1. Field of the Invention
The present invention relates to a dry etching method for etching a predetermined portion of an object in the manufacture of, for example, a semiconductor device.
2. Description of the Related Art
The degree of integration in the integrated circuit included in a micro-electronic apparatus is being increased year by year. With increase in the integration degree, the pattern width in the integrated circuit has become smaller and smaller. Also, the pattern depth has become larger and larger. As a thin film processing technique capable of coping with the trend, a dry etching method under a high vacuum is disclosed in, for example, Published Unexamined Japanese Patent Application Nos. 61-256727 and 62-194623.
The dry etching method includes, for example, a plasma etching method, a sputter etching method, an ECR etching method, a magnetron etching method and a ion beam etching method.
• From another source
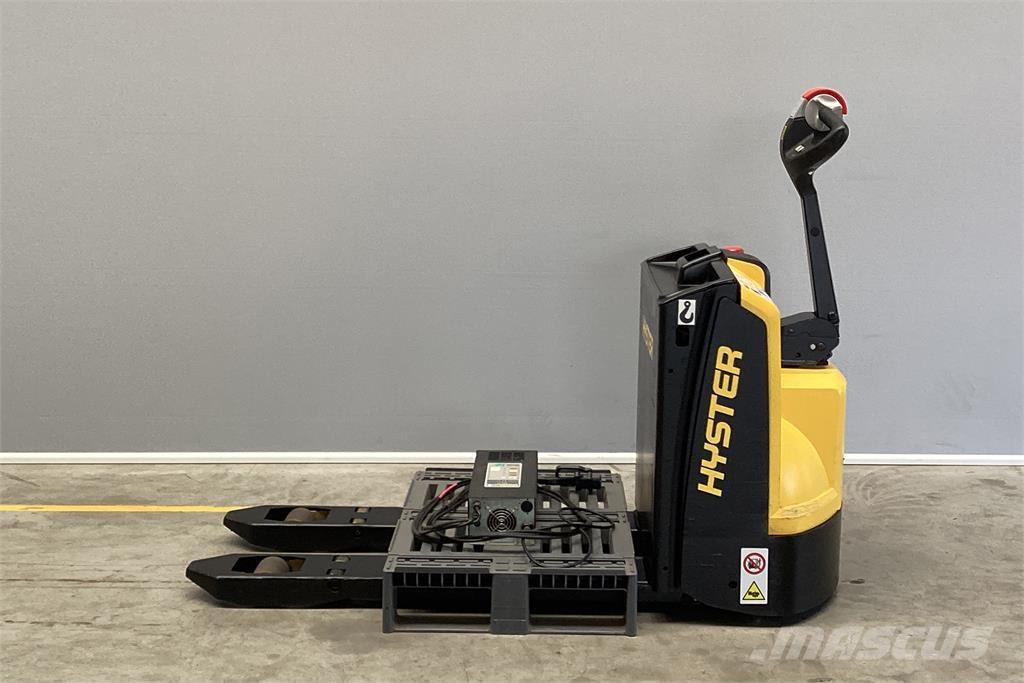 Hyster P1.8 Yaya kumandali istif makinasi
In the case of employing the dry etching method in the manufacture of a semiconductor element, the etching rate is increased by the use of a halogen-containing gas such as a Freon gas. Thus, the dry etching is employed in a reactive ion etching (RIE) method. The RIE method permits achieving an anisotropic etching while maintaining a high selectivity, i.e., ratio of the etching rate of a material to be etched to that of a photoresist, and also permits a high etching rate, leading to a high productivity.
Various ideas have been proposed in an attempt to improve the etching rate, etching selectivity, etc. in the dry etching method. For example, a method of improving the etching rate of silicon and silicon dioxide while suppressing the etching rate of a photoresist is disclosed in "1990 Symposium of Dry Process Session V-3 p 105-109". According to the method disclosed in this prior art, a fluorine-containing gas such as a CHF.sub.3 gas is used as an etching gas, and the substrate temperature is set lower than 0.degree. C. The particular method is highly effective in the case of etching a silicon film or simultaneously etching a silicon substrate and a silicon dioxide film.
On the other hand, a method of improving the etching rate of silicon while suppressing the etching rate of silicon dioxide and photoresist is disclosed in a monthly magazine "Semiconductor World, 1988, 1, page 58". In this prior art, SF.sub.6 is used as an etching gas, and the substrate temperature is controlled at -100.degree. to -130.degree. C. during the etching treatment. The particular method is effective in the case of etching a silicon film and a silicon substrate alone without etching a silicon dioxide film.
However, any of the prior arts exemplified above gives rise to a serious problem in the case of etching, for example, a silicon dioxide film alone without etching a silicon substrate and photoresist, as follows.
Suppose an etching treatment is employed for forming contact holes in a semiconductor element comprising a silicon substrate, a silicon dioxide layer and a photoresist layer each formed on the substrate, diffusion layers formed within the substrate, and a poly-Si wiring formed within the silicon dioxide layer. In this case, the etching amount should be small in the region for exposing the surface of the poly-Si wiring, and should be large in the region for exposing the surface of the diffusion layer. It follows that, in order to form these contact holes simultaneously in a single etching treatment, it is necessary for the etching rate of poly-Si to be very low and for the etching rate of silicon dioxide to be very high. In other words, the etching selectivity, i.e., a ratio of the silicon dioxide etching rate to the poly-Si etching rate, is required to be very high. However, the etching selectivity of SiO.sub.2 to poly-Si is at most about 13 in the conventional technique. This implies that the poly-Si wiring continues to be etched with an etching rate 1/13 time as high as that of SiO.sub.2 even after formation of a contact hole to expose the poly-Si wiring.
A similar problem takes place also in the case where a SiO.sub.2 film formed on a silicon substrate is overetched to ensure formation of a contact hole. Specifically, the silicon substrate is also etched during the over-etching step with an etching rate 1/13 time as high as the SiO.sub.2 etching rate.
Recently, it is necessary to decrease the depth of a p-n junction layer formed below a contact hole with increase in the integration degree of, for example, an MOLSI element. As a result, a serious problem is taking place that the silicon substrate is etched during the over-etching step to collapse the p-n junction layer.